How to complete this task:
From the line that contains "2018 RAM 1500 SLT" through the end of the records below, write out each line exactly as it appears, but not the pictures.

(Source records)
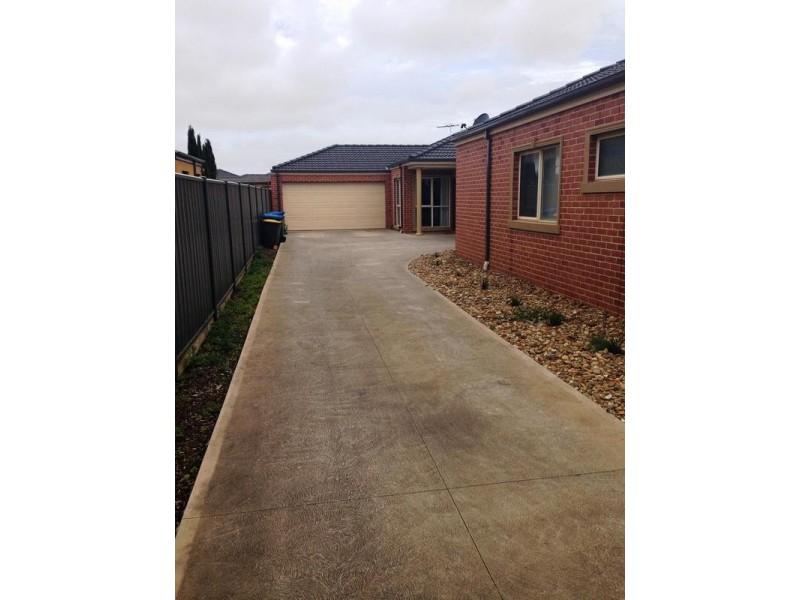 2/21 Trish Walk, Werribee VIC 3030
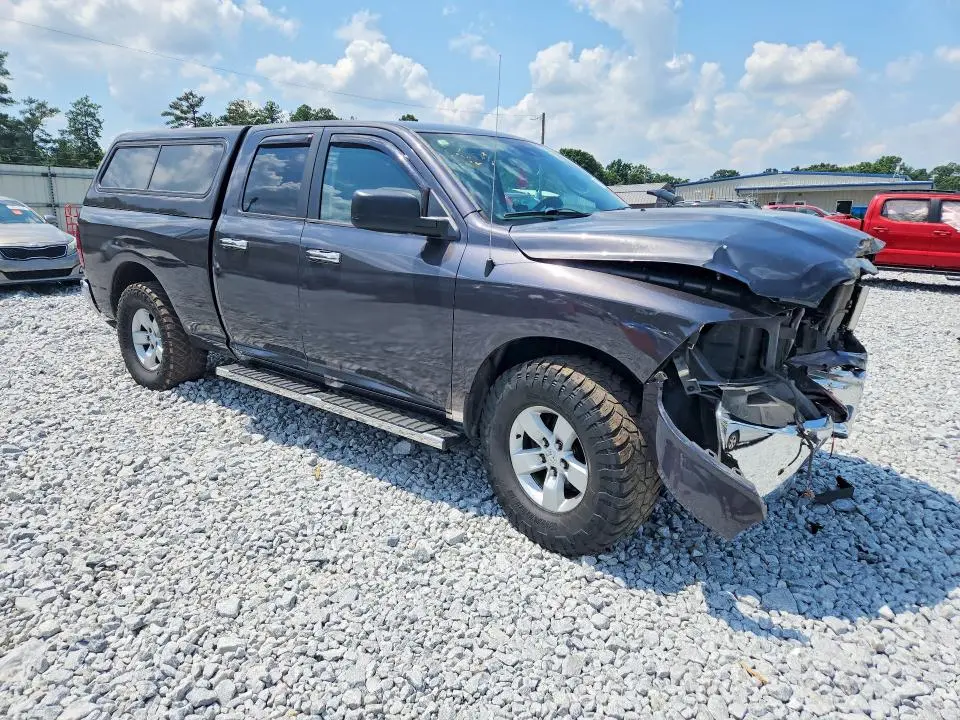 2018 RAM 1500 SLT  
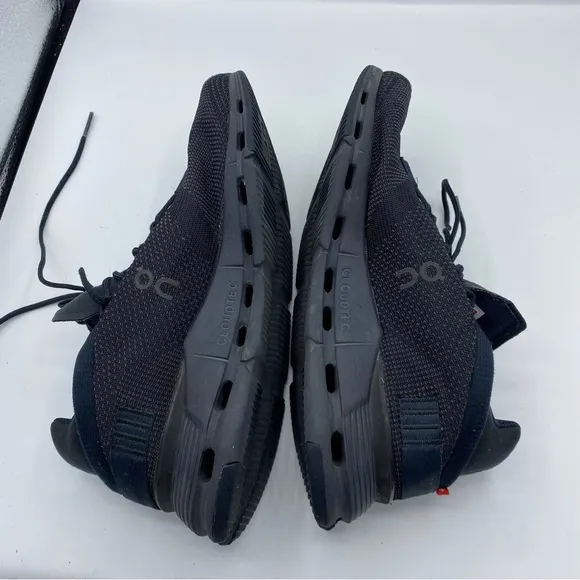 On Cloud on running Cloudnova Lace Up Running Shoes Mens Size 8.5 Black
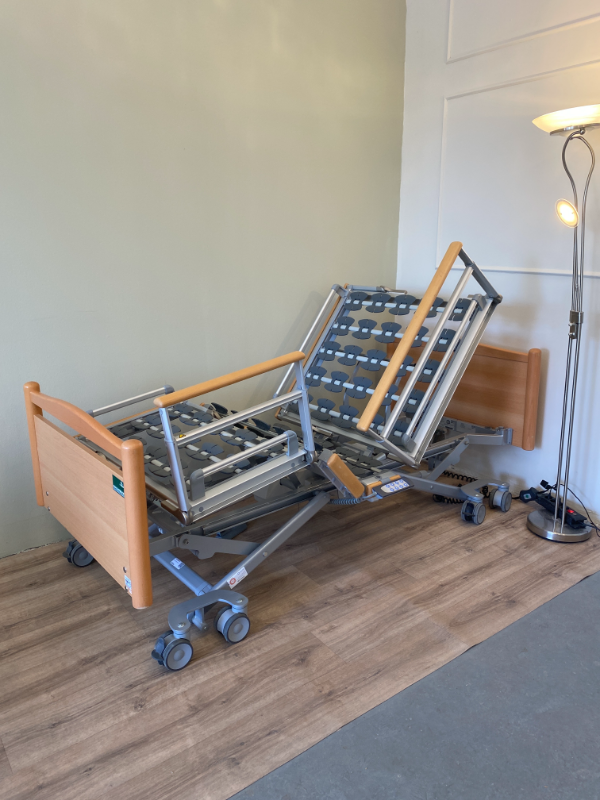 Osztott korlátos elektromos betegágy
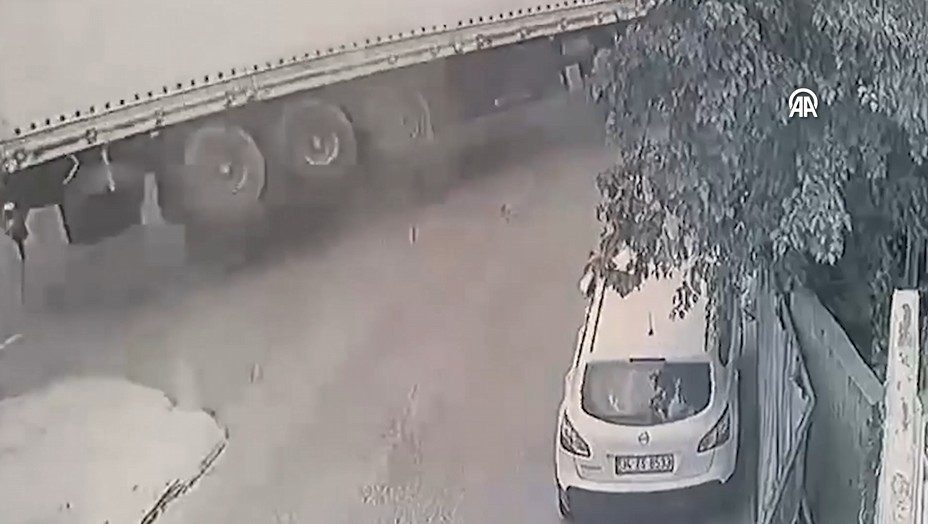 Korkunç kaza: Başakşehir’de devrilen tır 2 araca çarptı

Exercise result:
 2018 RAM 1500 SLT  
 On Cloud on running Cloudnova Lace Up Running Shoes Mens Size 8.5 Black
 Osztott korlátos elektromos betegágy
 Korkunç kaza: Başakşehir’de devrilen tır 2 araca çarptı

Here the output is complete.